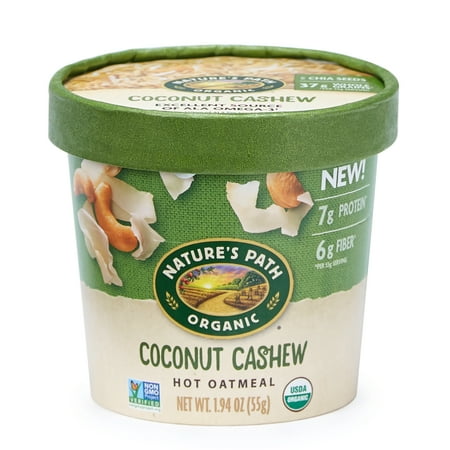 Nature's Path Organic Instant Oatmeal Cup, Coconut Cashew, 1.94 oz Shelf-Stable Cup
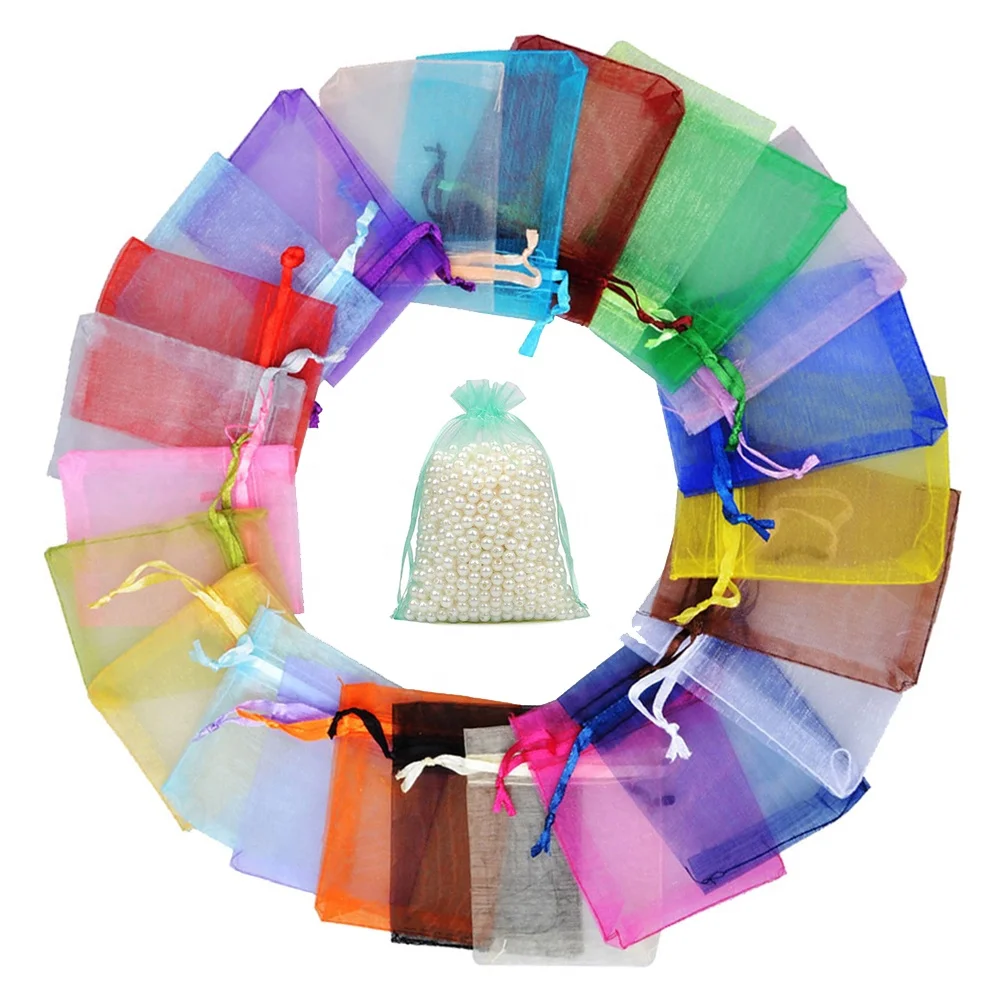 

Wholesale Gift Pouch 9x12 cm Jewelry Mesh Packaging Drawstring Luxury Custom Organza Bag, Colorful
* * *
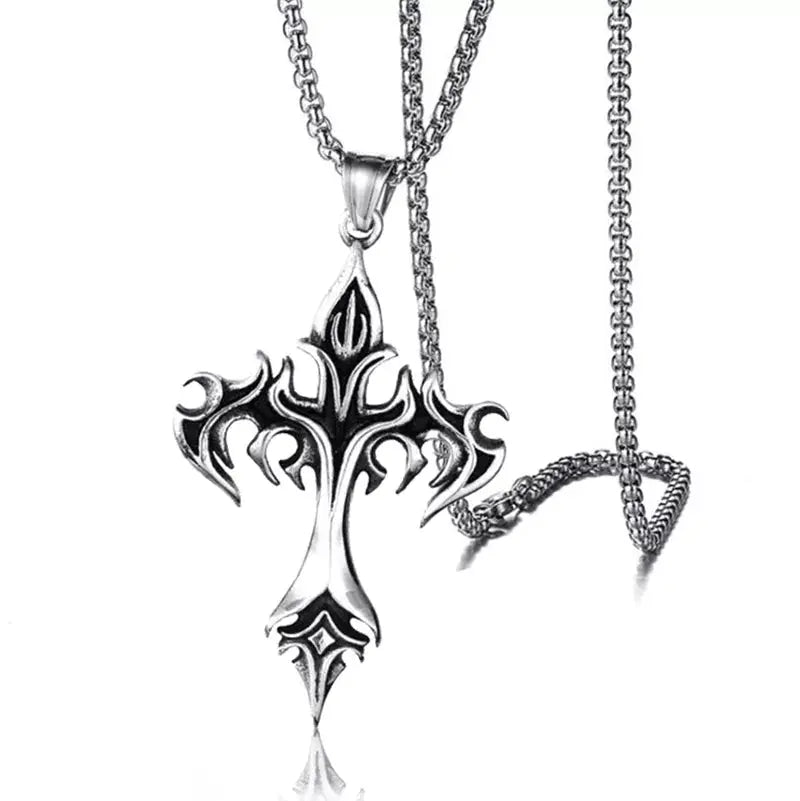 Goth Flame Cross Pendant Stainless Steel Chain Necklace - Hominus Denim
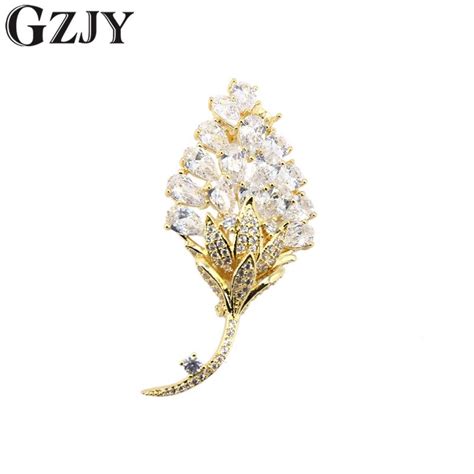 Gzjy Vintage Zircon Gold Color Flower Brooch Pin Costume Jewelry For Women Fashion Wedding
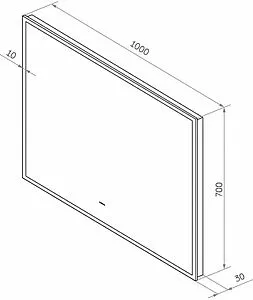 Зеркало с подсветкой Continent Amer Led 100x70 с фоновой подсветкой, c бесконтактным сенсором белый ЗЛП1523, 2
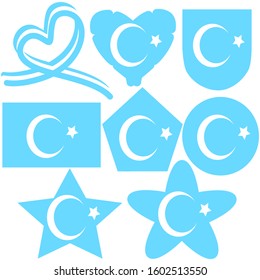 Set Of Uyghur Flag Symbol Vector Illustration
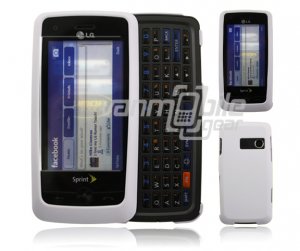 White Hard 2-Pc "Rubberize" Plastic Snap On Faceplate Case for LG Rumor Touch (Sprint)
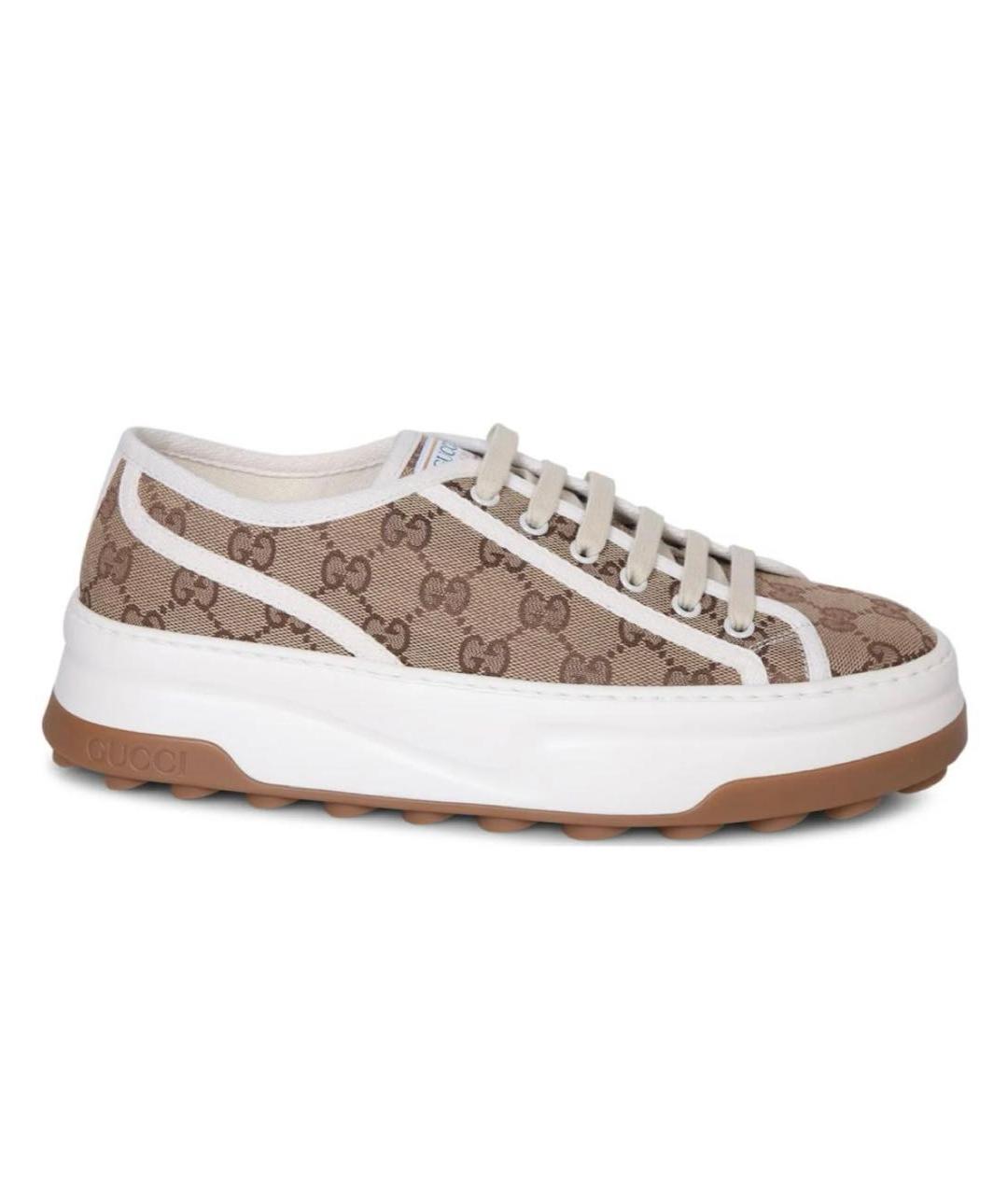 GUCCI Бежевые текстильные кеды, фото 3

> Exercise objective: Look above for the line with "Goth Flame Cross" and the line with "GUCCI Бежевые текстильные кеды, фото 3", then copy them and all lines in between exactly as written, and only those, without any pictures.

> Answer space:
 Goth Flame Cross Pendant Stainless Steel Chain Necklace - Hominus Denim
 Gzjy Vintage Zircon Gold Color Flower Brooch Pin Costume Jewelry For Women Fashion Wedding
 Зеркало с подсветкой Continent Amer Led 100x70 с фоновой подсветкой, c бесконтактным сенсором белый ЗЛП1523, 2
 Set Of Uyghur Flag Symbol Vector Illustration
 White Hard 2-Pc "Rubberize" Plastic Snap On Faceplate Case for LG Rumor Touch (Sprint)
 GUCCI Бежевые текстильные кеды, фото 3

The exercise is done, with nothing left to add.